Everything from the line containing "Seite 39 des" through the end of the entries should be output exactly; nothing before it is wanted.

***** The input *****

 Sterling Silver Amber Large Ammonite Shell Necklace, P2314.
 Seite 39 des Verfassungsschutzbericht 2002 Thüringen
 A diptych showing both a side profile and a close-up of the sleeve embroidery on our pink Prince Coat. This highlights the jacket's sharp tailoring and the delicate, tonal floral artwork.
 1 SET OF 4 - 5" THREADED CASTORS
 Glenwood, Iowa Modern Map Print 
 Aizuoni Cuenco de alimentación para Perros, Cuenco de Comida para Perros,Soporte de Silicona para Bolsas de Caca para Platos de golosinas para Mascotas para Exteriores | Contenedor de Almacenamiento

*****

== Result below ==
 Seite 39 des Verfassungsschutzbericht 2002 Thüringen
 A diptych showing both a side profile and a close-up of the sleeve embroidery on our pink Prince Coat. This highlights the jacket's sharp tailoring and the delicate, tonal floral artwork.
 1 SET OF 4 - 5" THREADED CASTORS
 Glenwood, Iowa Modern Map Print 
 Aizuoni Cuenco de alimentación para Perros, Cuenco de Comida para Perros,Soporte de Silicona para Bolsas de Caca para Platos de golosinas para Mascotas para Exteriores | Contenedor de Almacenamiento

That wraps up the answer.